Memory Usage

Mar 4, 2011 at 2:28 PM

This project makes dealing with excel files quite trivial, excellent job on this.  I've only been using this for a few weeks and I'm already in love with it.  I do seem to be running into a recurring issue with memory usage and currently debugging it myself now as it's becoming too big of a problem to ignore (pun intended).  Memory usage seems to climb above 1GB during usage before the server puts a kibosh on it.  In my opinion 1GB is pretty excessive for what's eventually being spit out as an excel document that's only a few MB.  At first glance it seems to XLBorder, XLFont, XLAlignment, XLAddress, and XLStyle seem to be eating up the most memory as each are taking up several million instances and well over a 100MB in memory.  Before I get shoulder deep in debugging memory usage/profiling and experimenting with it to see if I can somehow minimize some of the overhead here has anyone else run into a problem like this before that can offer any tips or tricks of their own? 


In general a single excel doc is created with a summary on the first sheet containing around 50,000 - 100,000 cells and then drawn out into several subsequent sheets that are segments of the initial summarized sheet.  These sheets are also all pretty and nicely stylized as well, I'm thinking this may be a primary culprit.



Mar 4, 2011 at 6:35 PM

Interesting. Would you be able to make a test code that creates a sample file with dummy data and the styles as you use them?

Thanks for the feedback.

Mar 6, 2011 at 4:37 AM

I ran some tests and while I didn't get the memory usage you're describing, ClosedXML does consume a lot more memory than expected.  I just ran the profiler for the memory allocation and I admit to be stumped. Profiling for memory usage is not as straightforward as profiling for performance.

To everyone who reads this: Can you recommend any good articles or books that explain how to use the profiler's information and reduce the memory footprint?

Thanks for the help.

Mar 8, 2011 at 4:17 PM

Wholeheartedly agree there on the point of profiling memory usage.  Other than finding glaring problems of resources not being released soon enough or memory leaks, problems are hard to spot.  To me it looks like maybe there are more instances being created than needed, the numbers do seem excessive when comparing to the number of possible cells.  But that's an opinion coming from someone that's only vaguely familiar with the Microsoft Office SDK for OpenXml so this might be expected behavior.  I've somewhat dropped this to a lower priority myself as I learned when talking to users about the problem and stepping through it that it was actually only coming up when they were putting bad parameters to begin with.  They were inadvertently pulling down far more data then they actually intended - I'm just protecting them a bit better from shooting themselves in the foot from the front end now.  Unfortunately I can't really provide a data set sample to work with primarily because of time constraints but also because the info is a little sensitive.  I think I can at least show you the code snippet that involves just the ClosedXml piece to give anyone rough idea, though I don't expect it's anything far from the norm:

Mar 15, 2011 at 7:20 PM

I am also encountering the same issue. Memory usage is climbing to the 1-1.5 GB Range.
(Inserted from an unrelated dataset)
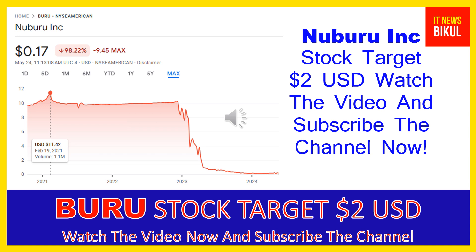Hello friends, today I have taken a very good stock for you that will give you very good returns in coming days. That stock is Nuburu Inc. Friends, BURU stock is now trading at 17 cents USD level on May 24th, 2024.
I'm creating a fairly simple spreadsheet with data in the tens of thousands of rows.

Although I haven't done comprehensive testing, like memory profiling, I have noticed that the largest spike in memory usage occurred when I invoke IXLColumns.AdjustToContents(int). I can guess why. You probably need to walk through all the data in the column, calculate the size, to be able to figure out what the appropriate size for the column should be.
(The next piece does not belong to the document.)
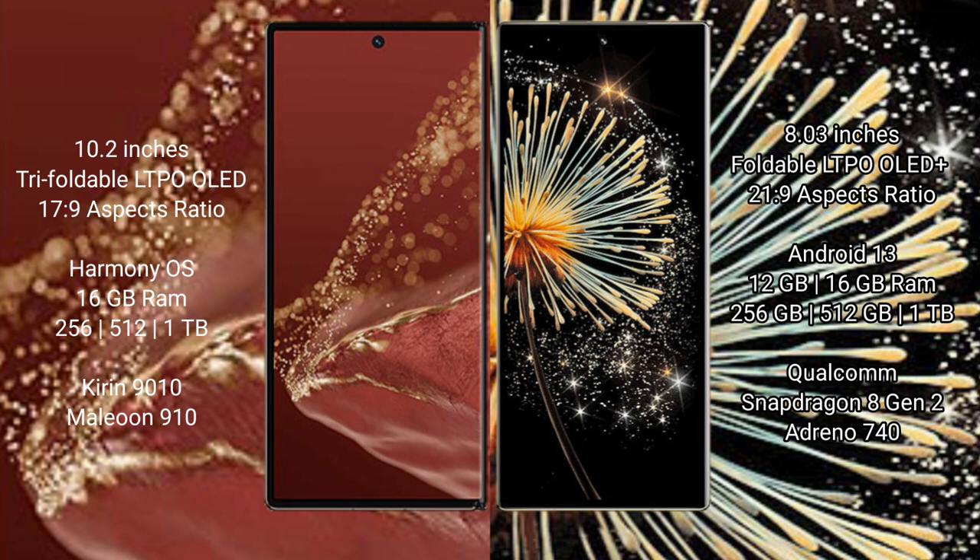The Xiaomi Mix Fold 3 comes with 12GB or 16GB RAM and 256GB, 512GB, or 1TB internal storage, powered by the Qualcomm Snapdragon 8 Gen 2 processor and Adreno 740 GPU.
I haven't looked at the source, but if you are storing all the values in order to determine which is the largest (and therefore have the appropriate value for adjusting the column as a whole), that may lead to the problem. If my hypothesis is correct, then it would be a better approach to simply keep the max value, and not store the value of every cell in memory.

Of course I am just speculating. You've done a great job with the library. It's a great pleasure to use. Let me know if I can do anything to help fix this problem.

Mar 15, 2011 at 7:36 PM

AdjustToContents only persists the max value, not the entire range. One thing you could do is limit the number of rows that are used to calculate the column width.

I will take a stab at memory utilization after fixing pending issues. If you know a good article on .Net memory optimizations, please let me know.

Mar 15, 2011 at 8:42 PM

Yes, you are right. After doing some more testing on my code, I realized I was wrong. To test, I removed the call to AdjustToContents, and put in hard coded column values. There was little change in memory utilization.

Most of the memory utilization is done while populating the large amounts of data on one of the worksheets, and persisting that out to an xlsx file.

I wish I could point you in the right direction as far as memory profiling is concerned, but doing .net as part of the day job. Don't have vast experience in it. I will do the same as you. Ask google. Don't have any existing knowledge on the matter.